O ministro da Infraestrutura de Luxemburgo, François Bausch, anunciou nesta segunda-feira (21/01) que o trabalho público deve ser gratuito no país a partir de março de 2020. A iniciativa visa estimular uso de ônibus, trens e metrô para tirar carros de circulação e, desta maneira, reduzir emissões que causam o aquecimento global.
Segundo Bausch, a gratuidade do transporte público é uma medida social importante, mas sozinha não é suficiente para garantir que as pessoas deixem de usar o carro. A iniciativa é inédita num país europeu.
A mudança deve custar ao governo 41 milhões de euros por ano e será financiado por impostos. Atualmente, o Estado já subsidia mais de 90% dos gastos nesta área, que chegam a 491 milhões de euros ao ano.
A gratuidade não será válida para a primeira classe em trens. Além disso, em algumas linhas de ônibus que são operadas por municípios a decisão de liberar a compra da passagem caberá as autoridades locais.
A mudança faz parte do novo conceito de mobilidade do país, que pretende ampliar ainda o setor de transporte público.
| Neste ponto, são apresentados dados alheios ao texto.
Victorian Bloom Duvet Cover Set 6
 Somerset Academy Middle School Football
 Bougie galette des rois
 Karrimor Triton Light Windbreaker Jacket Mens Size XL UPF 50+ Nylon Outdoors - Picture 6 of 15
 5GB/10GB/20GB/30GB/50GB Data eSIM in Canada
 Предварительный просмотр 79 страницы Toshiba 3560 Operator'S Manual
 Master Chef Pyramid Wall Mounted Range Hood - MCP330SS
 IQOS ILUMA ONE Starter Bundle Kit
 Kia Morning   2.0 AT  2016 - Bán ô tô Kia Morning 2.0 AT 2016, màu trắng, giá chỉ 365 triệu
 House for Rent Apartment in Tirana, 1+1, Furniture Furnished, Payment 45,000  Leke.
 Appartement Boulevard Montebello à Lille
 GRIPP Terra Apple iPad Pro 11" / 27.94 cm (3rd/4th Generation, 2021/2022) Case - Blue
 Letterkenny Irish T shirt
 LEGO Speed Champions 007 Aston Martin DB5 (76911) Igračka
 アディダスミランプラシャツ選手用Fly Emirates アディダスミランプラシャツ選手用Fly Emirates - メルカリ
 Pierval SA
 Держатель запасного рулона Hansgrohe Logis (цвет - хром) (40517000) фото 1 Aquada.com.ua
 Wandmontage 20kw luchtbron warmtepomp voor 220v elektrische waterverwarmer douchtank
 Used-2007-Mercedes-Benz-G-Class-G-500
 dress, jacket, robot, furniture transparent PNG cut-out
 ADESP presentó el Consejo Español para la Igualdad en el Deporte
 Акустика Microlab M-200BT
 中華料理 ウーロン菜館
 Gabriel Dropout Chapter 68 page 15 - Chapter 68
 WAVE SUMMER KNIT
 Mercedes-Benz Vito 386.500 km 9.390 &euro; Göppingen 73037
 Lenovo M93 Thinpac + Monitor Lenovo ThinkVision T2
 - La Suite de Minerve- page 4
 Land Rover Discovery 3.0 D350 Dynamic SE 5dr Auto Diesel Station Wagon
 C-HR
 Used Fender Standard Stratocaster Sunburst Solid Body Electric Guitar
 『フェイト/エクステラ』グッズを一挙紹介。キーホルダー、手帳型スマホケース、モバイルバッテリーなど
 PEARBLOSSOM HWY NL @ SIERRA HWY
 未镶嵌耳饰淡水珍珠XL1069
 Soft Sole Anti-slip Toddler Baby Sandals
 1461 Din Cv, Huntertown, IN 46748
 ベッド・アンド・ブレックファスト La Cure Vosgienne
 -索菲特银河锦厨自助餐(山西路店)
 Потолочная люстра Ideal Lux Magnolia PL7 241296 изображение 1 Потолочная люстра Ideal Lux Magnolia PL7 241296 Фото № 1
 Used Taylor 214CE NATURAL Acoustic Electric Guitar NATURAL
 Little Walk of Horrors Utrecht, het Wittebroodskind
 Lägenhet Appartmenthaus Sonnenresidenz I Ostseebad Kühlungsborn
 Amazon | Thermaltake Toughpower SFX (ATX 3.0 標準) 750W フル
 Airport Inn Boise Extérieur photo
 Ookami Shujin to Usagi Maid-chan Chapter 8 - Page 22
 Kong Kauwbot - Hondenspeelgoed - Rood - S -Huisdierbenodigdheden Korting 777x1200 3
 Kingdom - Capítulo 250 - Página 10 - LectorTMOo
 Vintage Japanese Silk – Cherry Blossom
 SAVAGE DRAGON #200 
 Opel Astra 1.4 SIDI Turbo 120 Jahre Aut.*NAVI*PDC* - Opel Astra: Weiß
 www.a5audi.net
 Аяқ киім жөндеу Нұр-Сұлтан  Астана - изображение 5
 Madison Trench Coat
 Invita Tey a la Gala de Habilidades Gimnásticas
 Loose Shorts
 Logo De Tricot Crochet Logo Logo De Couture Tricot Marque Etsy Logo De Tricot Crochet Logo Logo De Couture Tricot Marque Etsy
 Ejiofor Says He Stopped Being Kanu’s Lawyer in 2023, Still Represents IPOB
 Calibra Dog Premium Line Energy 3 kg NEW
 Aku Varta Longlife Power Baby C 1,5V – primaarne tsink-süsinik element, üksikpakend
Até 2023, O governo quer investir 2,2 bilhões de euros em ferrovias, e até 2030 substituir a toda frota de ônibus pública por veículos elétricos.
O maior sindicato de transportes do país se mostrou cético com os planos e disse que a mudança ameaça o trabalho de 350 funcionários que vendem passagens e que fazem controles em trens e metrôs.
Luxemburgo tem cerca de 600 mil habitantes. Segundo a revista eletrônica alemã Bento, cerca de 200 mil pessoas viajam diariamente ao pequeno país a partir da França ou da Alemanha para trabalhar. Esses também serão beneficiados e poderão usar o transporte gratuito ao cruzar a fronteira.